Researchers at the University of Newcastle in the UK have created a new kind of concrete glue that can patch up the cracks in concrete structures, restoring buildings that have been damaged by seismic events or deteriorated over time. But the glue isn’t an adhesive or some kind of synthetic material; the researchers have custom-designed a bacteria to burrow deep into the cracks in concrete where they produce a mix of calcium carbonate and a special bacteria glue that hardens to the same strength of the surrounding concreate.
“BacillaFilla,” as the researchers call it, is a genetically modified version of Bacillus subtilis, a bacteria commonly found in common soil. The researchers have tweaked it’s genetic properties such that it only begins to germinate when it comes in contact with the highly-specific pH of concrete. Once the cells germinate, they are programmed to crawl as deep as they can into cracks in the concrete, where quorum sensing lets them know when enough bacteria have accumulated.
That accumulation lets the bacteria know they’ve reached the deepest part of the crack, at which point the cells begin to develop into bacterial filaments, cells that produce calcium carbonate, and cells that secrete a kind of bacterial glue that binds everything together. Once hardened, the bacteria is essentially as strong as the concrete itself, restoring structural strength and adding life to the surrounding concrete.
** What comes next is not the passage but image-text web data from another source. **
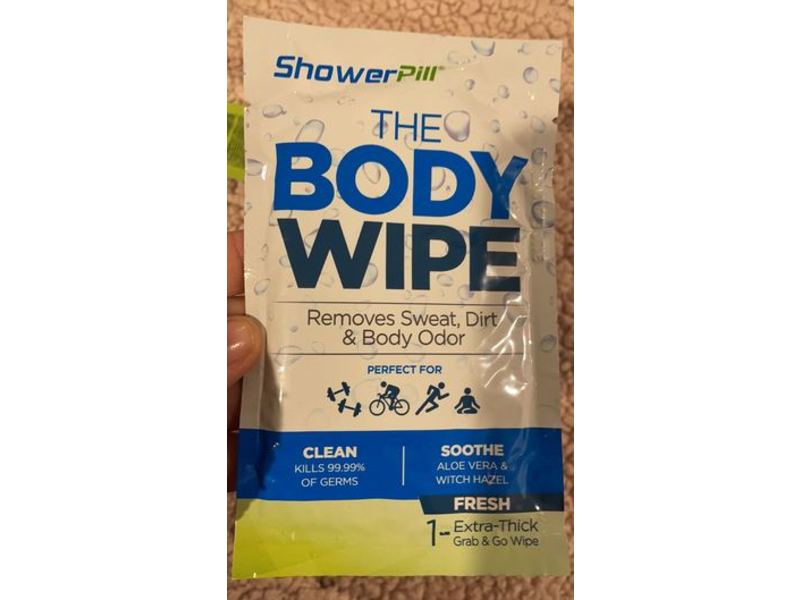 Shower Pill The Body Wipe, Fresh, 1 Count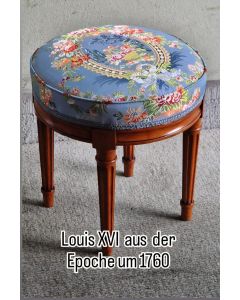 Louis XVI Hocker um 1760 gefertigt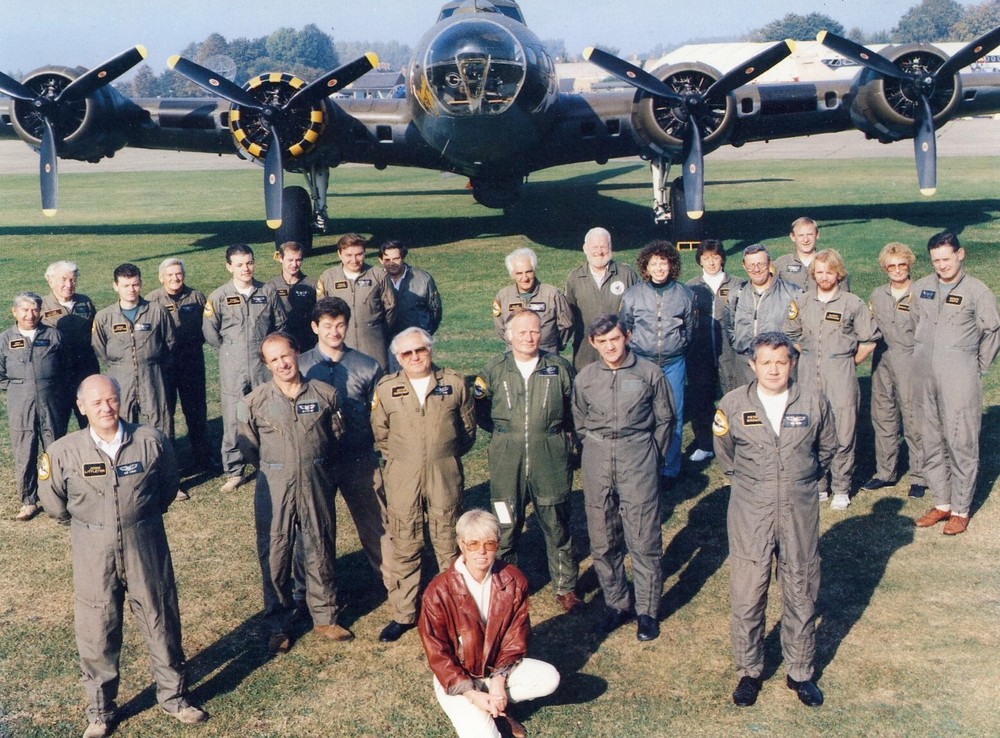 B-17 "Sally B"  LARGE POSTCARD.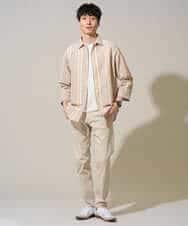 KHLGD15064 a.v.v MEN(アー・ヴェ・ヴェ) 【イージーケア/洗濯機で洗える/接触冷感/ストレッチ/シワになりにくい/毛玉になりにくい】ヘリンボーンストレッチ５ポケットパンツ ブラック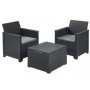 KETER Balkonski set Elodie sa box stolom, grafit sifra CU 254094 - slika 1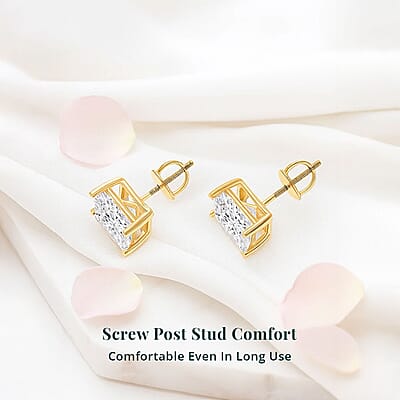 Luxuriant Lab Grown Diamond VS2-G 7.00 ctw Earrings in 14K Yellow Gold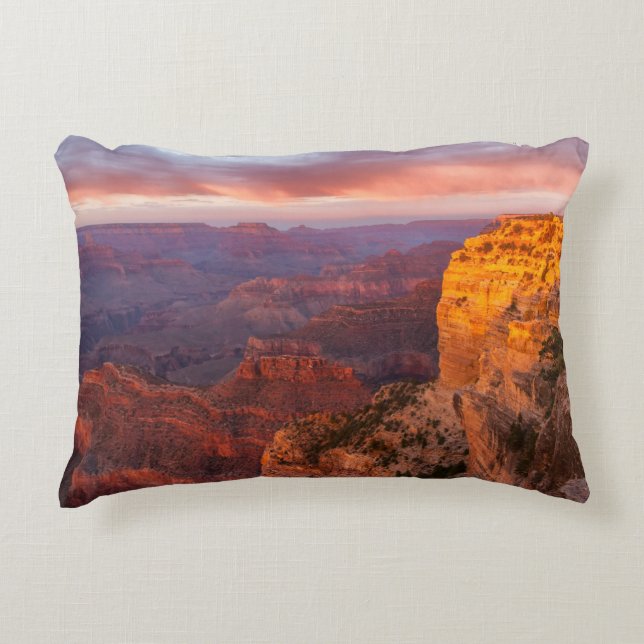 Hopi Point Sunset 2 Accent Pillow (Front)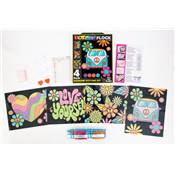 KIT BRODERIE DIAMANT DOTZIES FLOCK - 4 PEACE & LOVE
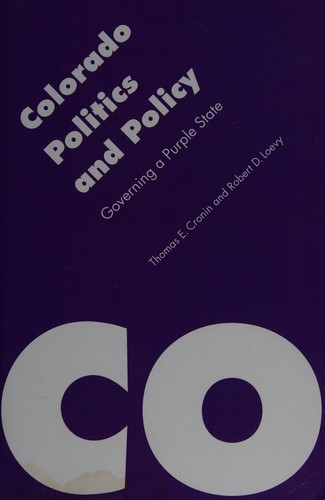 Cover for Colorado politics and policy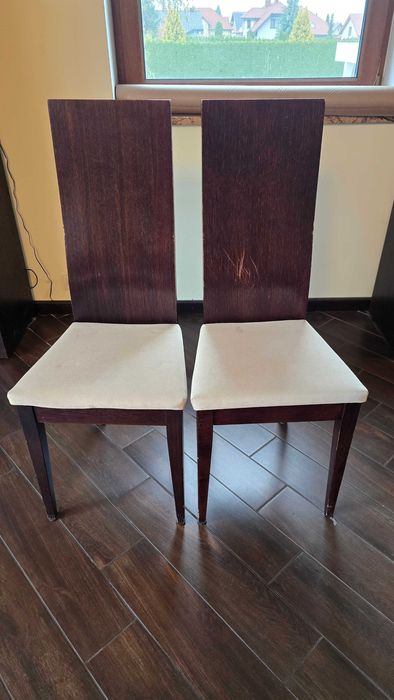 Stół i 8 krzeseł, Meble Bydgoskie, wenge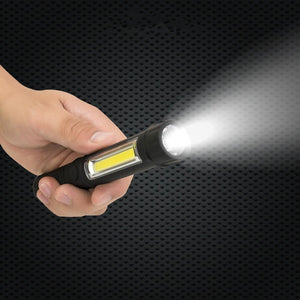 Store No. 1727765 LED Flashlight Torch with the Bottom Magnet and Clip Magnetic work light (Bulk Purchase Discount)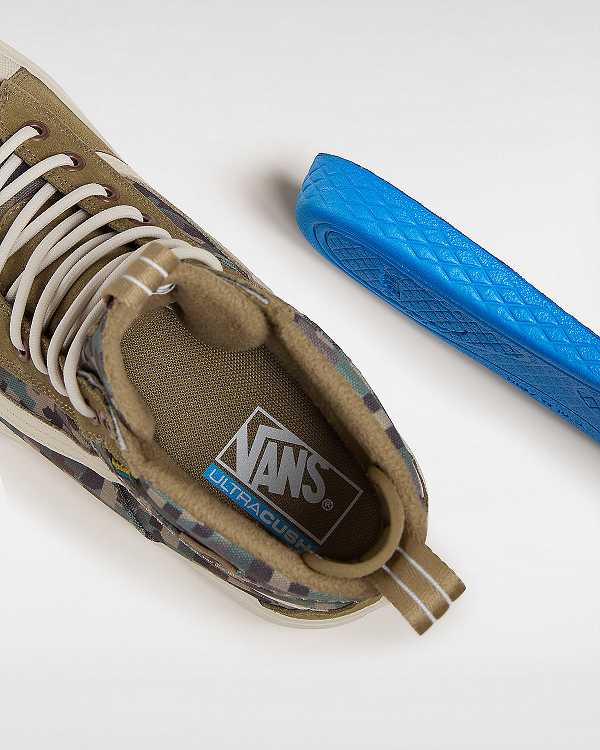 Men Vans MTE Sk8-Hi Waterproof Shoes Grey Malaysia | VN6893215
The bacteria also contains a self-destruct gene that keeps it from wildly proliferating away from its concrete target, because a runaway patch of bacterial concrete that continued to grow despite all efforts to stop it would be somewhat annoying. The researchers hope their BacillaFilla will improve the longevity of concrete structures, which can be environmentally costly to erect. It could also be deployed in earthquake stricken zones to quickly reinforce damaged buildings and reduce the number of structures that have to be razed after a disaster.